Walter M. Calinger - Education Career and Controversy

Education Career and Controversy

Calinger has a PhD in Education from The Ohio State University (1970) and a J.D. from Creighton University (1977).

He has worked the large majority of his career in the education sector beginning as a math teacher and guidance counselor. He was employed by the Norton City School District in Summit County, Ohio, from 1998–2005, where he was superintendent from 2002–2005. While there, the district achieved an Excellent rating in 2003 from the Ohio Department of Education for the first time ever. It has retained that rating since.

Calinger worked for the Richmond Heights (Ohio) School District from 2005–2008. In his first year, the district improved five points on the Ohio Achievement Test. During that time, the RHEA registered a unanimous "no confidence" vote against him and entered into a teachers' strike about three months before his departure.

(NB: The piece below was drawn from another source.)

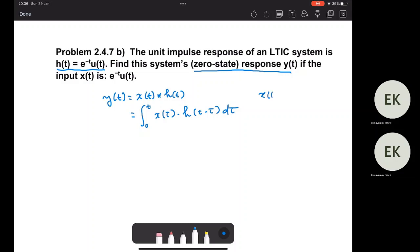In our case, x(t) is equal to e^(-t) u(t), and h(t) has the same form, also equal to e^(-t) u(t). So the problem now is just to compute the convolution integral.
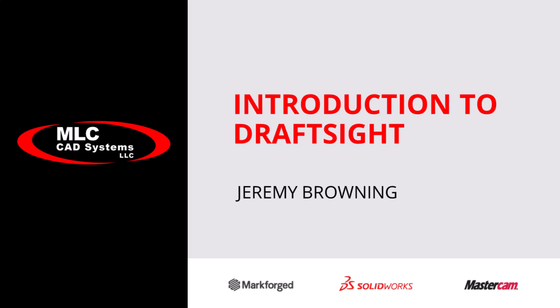My name is Jeremy Browning and I'm an application expert here at MLC CAD Systems. Today I want to walk you through an introduction to an amazing 2D drafting tool called DraftSight. DraftSight is a powerful drafting software that allows users to quickly create the drawing that your company needs to get products and services complete.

When Walter Calinger was hired by Woodland Hills School District outside Pittsburgh, his claims of past accomplishment was questioned by the Pittsburgh Tribune-Review reporter Brian Bowling. The article begins, "The new superintendent for Woodland Hills School District says he significantly raised test scores and closed the achievement gap between black and white students at a suburban Cleveland district, but Ohio Department of Education records show the district failed to meet federal education guidelines during the second year of his administration."

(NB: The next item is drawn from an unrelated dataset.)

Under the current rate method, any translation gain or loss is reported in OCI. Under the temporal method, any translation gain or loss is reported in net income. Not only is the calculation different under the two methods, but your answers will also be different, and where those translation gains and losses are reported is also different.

In his position as superintendent (2008–2011) of the Woodland Hills School District, Calinger battled against the successful public charter school Propel, including making false public statements about how the School District's test results compared with the Propel charter school. His statement was disputed by the Pittsburgh Post-Gazette education reporter Eleanor Chute, who independently verified the data and stated in a Post-Gazette report:

Dr. Calinger provided a written report to the school board saying that Propel does not meet five reasons under legislative intent for charter schools and that the district's test scores "equal or surpass those at Propel." That statement is at odds with state math and reading test scores released by the state Department of Education.

Calinger continued to make public statements about school data in an op-ed he published in the Post-Gazette in October, 2010. In a letter to editor titled, "Propel Performs", he was challenged by the leaders of the Propel Charter School for the veracity of his claims he stated:

when measured against Propel Homestead, with a student demographic much closer to ours, Woodland Hills students do better in every category in every grade.

Students at Propel Homestead, just as those at every Propel school, are outperforming students in Woodland Hills—in some areas quite significantly. For instance, 72 percent of Propel Homestead students met grade-level standards on state mathematics tests (compared to 57 percent at Woodland Hills). The school's population is significantly more impacted by poverty (92 percent free-lunch eligible) than that at Woodland Hills (72 percent).